To solve these two problems, Kafka has a very clever design. First, the segment file name is named after the offset of the first message in the file. Create a new segment file with the name 18234.log… create a new segment file with the name 18234.log… create a new segment file with the name 18234.log…

  • /kafka/topic/order_create/partition-0
    • 0.log
    • 18234.log #segment file
    • 39712.log
    • 54101.log

When we want to find out which segment the message offset x is in, we only need to do a binary search through the file name. For example, the message offset 2879 (the 2880th message) is obviously in the segment file 0.log.

Once the segment file is located, the other problem is finding the location of the message in the file, which is the offset. It would take an unacceptable amount of time to search from scratch! Kafka’s solution is to index files.

Kafka creates an index file for each segment file, just like mysql’s index file. Each record is a KV group, the key is the offset of the message, and the value is the offset of the message in the segment file:

offset position 0 0 1 124 2 336

Each segment file corresponds to an index file:

  • /kafka/topic/order_create/partition-0
    • 0.log

    • 0.index

    • 18234.log #segment file

    • 18234.index #index file

    • 39712.log

    • 39712.index

    • 54101.log

    • 54101.index

With an index file, we can get the exact location of a message and read it directly. Let’s go through the process again:

When querying the message offset is x

Use binary search to find this message at y.log

Read the y. lindex file to find the location in y.log of message x

The corresponding position of Y.log is read to obtain data

With this file organization, any message in Kafka can be read and retrieved very quickly. But this leads to another problem. If the number of messages is particularly large, adding a record to the index file for each message will waste a lot of space.
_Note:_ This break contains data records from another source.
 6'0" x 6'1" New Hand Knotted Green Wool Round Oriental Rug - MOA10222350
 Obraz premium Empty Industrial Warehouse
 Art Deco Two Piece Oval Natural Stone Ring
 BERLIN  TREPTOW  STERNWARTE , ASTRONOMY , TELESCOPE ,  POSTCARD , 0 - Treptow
As a simple calculation, if a record in index is 16 bytes (offset 8 + Position 8), 100 million messages is 16*10^8 bytes =1.6G. For a slightly larger company, Kafka would collect far more than 100 million logs a day, perhaps tens or hundreds of times. In this case, the index file takes up a lot of storage. Therefore, Kafka chose to use “sparse indexes” as a trade-off.

The so-called sparse index means that not all messages will record its position in the index file. How many messages are recorded every interval? For example, one offset-position is recorded every interval of 10 messages:

offset position 0 0 10 1852 20 4518 30 6006 40 8756 50 10844

In this case, if we want to query the message offset x, we may not be able to find the exact location of the message, but we can use binary search, quickly determine the location of the nearest message, and then read a few more data to read the message we want.

For example, if we want to find the message offset 33, we can use binary search to locate the message offset 30, according to the table above, and then go to the corresponding log file to read back from that position three messages, the fourth one is 33. This approach is a trade-off between performance and storage space, and many systems are faced with a similar choice: sacrificing time for space or sacrificing space for time.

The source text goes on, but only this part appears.